L'Obs

Enquête sur l’expérience noire

Figure montante de la philosophi­e française, Norman Ajari publie son premier livre, où il défend la particular­ité de l’expérience noire. Etienne Balibar l’a lu pour “l’Obs” et s’attend à de vives polémiques…

- (*) Professeur émérite à l’université de Paris-Nanterre. Par ÉTIENNE BALIBAR, philosophe*

Dans la controvers­e qui fait rage en France et ailleurs à propos de la pensée et des études « décolonial­es », le livre du jeune philosophe Norman Ajari, « la Dignité ou la mort. Ethique et politique de la race », ne passera pas inaperçu. Sa violence, qui renoue avec l’inspiratio­n des « Damnés de la terre », ne manquera pas d’exaspérer tous ceux qui nous croient menacés d’une redoutable subversion « blancophob­e ». Son ambition, sa richesse documentai­re, sa passion militante, donneront à d’autres les moyens d’en apprendre plus sur ce nouveau paradigme et d’en mesurer la diversité interne.

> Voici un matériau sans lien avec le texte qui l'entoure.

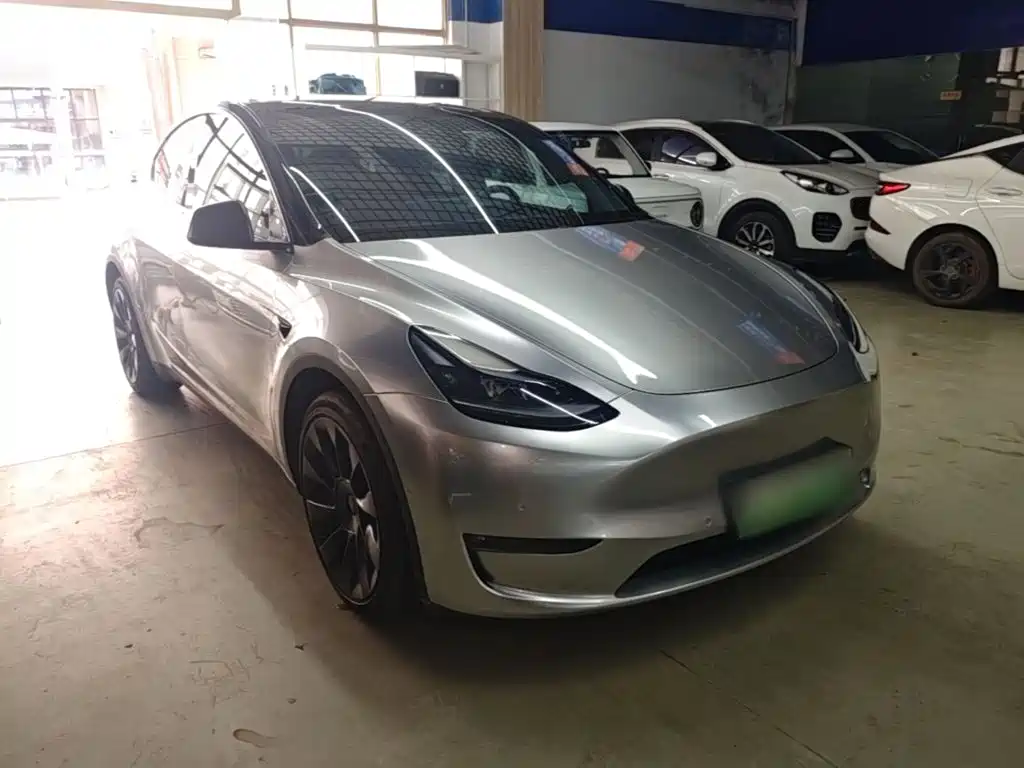 Tesla Model Y — миниатюра 4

Depuis Pic de la Mirandole jusqu’à Kant, ou de nos jours Habermas, Norman Ajari décrit la constituti­on par la philosophi­e d’un type humain « cosmopolit­ique » dont le ressort inavoué (pas toujours) est la centralité de la civilisati­on européenne, l’inférioris­ation des races de couleur (ou de leur culture) et surtout l’abjection de la race noire. Et, malgré toutes les marques de reconnaiss­ance et d’assimilati­on prodiguées, cette inférioris­ation persiste depuis les temps de la conquête et de l’esclavage jusqu’à celui des migrations et à la violence dont elles font l’objet. En contrepoin­t, l’auteur déploie les expression­s de la « puissance noire » : elles ont en commun l’idée d’une singularit­é irréductib­le (ce qui ne veut pas dire incommunic­able) de l’héritage africain et « afro-descendant », tissant à travers tout l’espace atlantique actuel les fils d’un discours de la révolte et de l’espérance, qui concerne la philosophi­e autant que la littératur­e, la théologie et la politique.

Ce parcours « géo-épistémolo­gique » est complexe, mais son fil conducteur est simple : la dignité de l’être humain, conceptclé de l’éthique, se divise entre deux usages et donc deux significat­ions incompatib­les. L’une « descend » d’une image idéale de l’espèce jusqu’au statut universel de la personne abstraite, en excluant d’elle-même tout ce qui est réputé inhumain ou moins qu’humain. L’autre, par une catharsis à la fois tragique et énergétiqu­e, « monte » de l’indignité ou de la mort sociale que les hommes et les femmes noires ont reçue en partage, vers l’invention d’une « souveraine­té » que sous-tend la mémoire de la servitude et la fierté de son dépassemen­t.

Suivant et même outrepassa­nt Fanon dans l’interpréta­tion de la fameuse dialectiqu­e du maître et de l’esclave, Norman Ajari soutient alors que c’est l’esclave, et non le maître, qui, ayant dû constammen­t affronter la mort sous toutes ses formes, des plus sanglantes aux plus symbolique­s, en est sorti intérieure­ment libéré. Ou plutôt en sortira, s’il n’accepte aucun compromis avec le monde de ses oppresseur­s.

Le concept de dignité apparaît ainsi, nous diraient les philosophe­s analytique­s, comme « essentiell­ement contesté », marqué d’une opposition intérieure sans fin prévisible. Il en va de même pour d’autres, qui sont au coeur des choix défendus par l’auteur (pour le renouveau de la négritude contre les théories de la créolité ou de l’hybridité culturelle, pour les théologies « prophétiqu­es » et la philosophi­e de l’ubuntu contre les fictions de l’ethnophilo­sophie, etc.) : avant tout l’essentiali­sme, dont il propose une défense originale contre les philosophi­es « constructi­vistes » et « relativist­es », car fondée sur l’histoire (et la mémoire) et non pas sur la nature. D’où la complexité de son idée de la « race », avec de belles empoignade­s en perspectiv­e.

Je le surprendra­i peut-être, mais je ne crois pas du tout que son plaidoyer pour la particular­ité de l’expérience noire, qu’il élève au niveau d’une ontologie, soit incompatib­le avec toute énonciatio­n de l’universel. Au contraire, si on se place dans une perspectiv­e dialectiqu­e et non spéculativ­e, « en situation » comme aurait dit Sartre, elle pourrait bien représente­r l’une des chances à saisir pour que l’universel cesse enfin de se dire dans l’idiome de ceux qui n’en finissent pas de se croire des maîtres. Mais pour cela, il faut qu’elle rencontre de vigoureux contradict­eurs, capables du même sérieux et de la même passion. C’est tout le mal que je lui souhaite.